The move comes shortly after a VICE News story revealed a scathing report had been sent to the government by the panel of experts.
Justin Ling
Montreal, CA
Justin Trudeau, prison
Image by The Canadian Press

The Trudeau government is hoping to re-appoint a panel of experts to study solitary confinement in prisons, a day after the panel’s scathing report was released to the media.

In a statement, Public Safety Minister Bill Blair said he hopes to renew the volunteer panel’s mandate, and draft a plan to “help ensure the panel gets all the information it needs to complete its work in a timely manner.”

The panel initially ended its yearlong mandate with no significant results to show from its study of new isolation units, where inmates can be housed for up to 20 hours a day.


The panel said in its report it was “powerless to accomplish the job that it was set up to do” and put the blame on the Justin Trudeau government.

The report was leaked to media on Tuesday night. On Wednesday, Blair’s officer said it was working urgently to address the matter. But as the report itself notes, the government was made aware of the problems in March, and again in July.

In its yearlong study the panel found that the corrections agency was not adequately collecting or analyzing critical data on how it put prisoners into “structured intervention units.”

The government was not even tracking how long inmates were placed into these new units, how many hours of human contact they each day, or statistics on which prisons were using these new units, according to the report.

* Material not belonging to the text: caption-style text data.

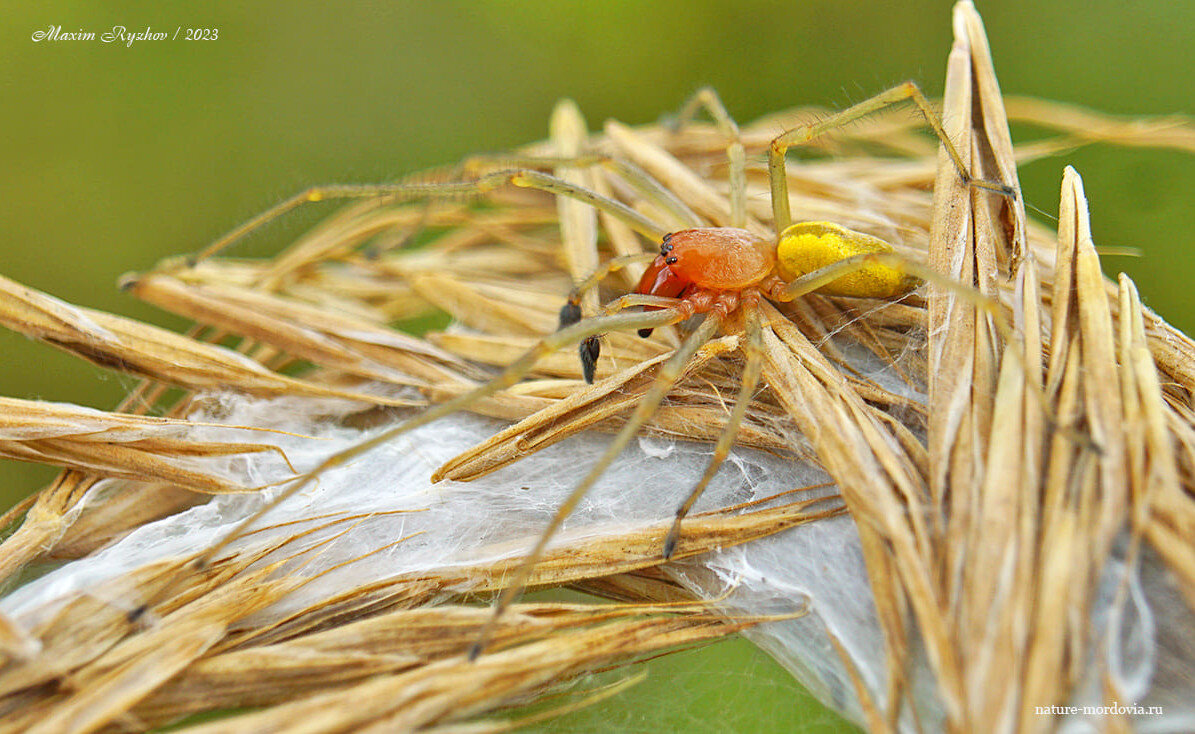 Редкий опасный паук напугал сельчан на западе Казахстана (фото)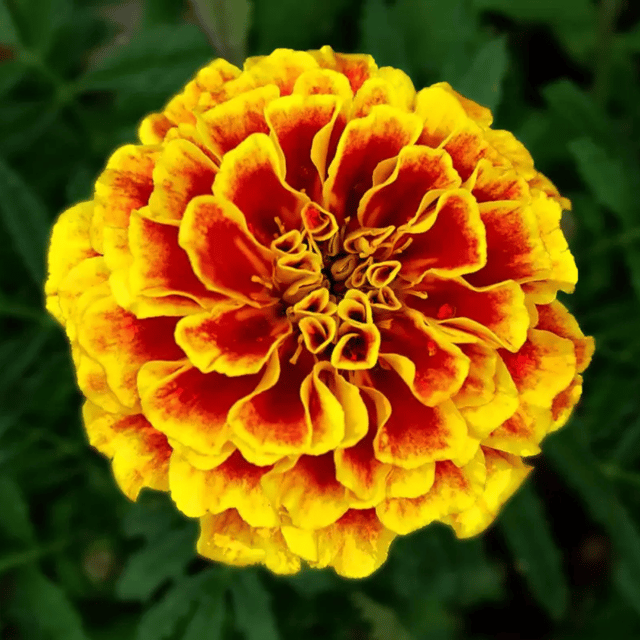 French Marigold Flower Seeds – F3 Hybrid (Pack of 40-50 Seeds)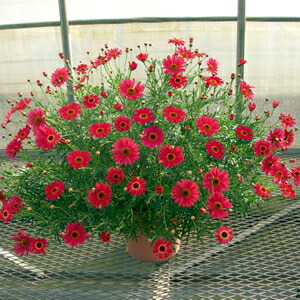 楽天市場 マーガレット モリンバ ヘリオウォーターメロン 9ｃｍポット苗 咲く時期 環境により花色が変わります きみのボタニカルオアシス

“The issues raised by CSC’s apparent inability to monitor and evaluate its own operation are not issues solely about its cooperation and support for this panel of unpaid volunteers,” the panel wrote. “Much more important is the fact that CSC is telling us that it does not have systematic information on the operation of its Structured Intervention Units and apparently never made the gathering of this information a priority.”

As a result, Canada still does not know if its new system, as the old system did, subjects federal inmates to torture.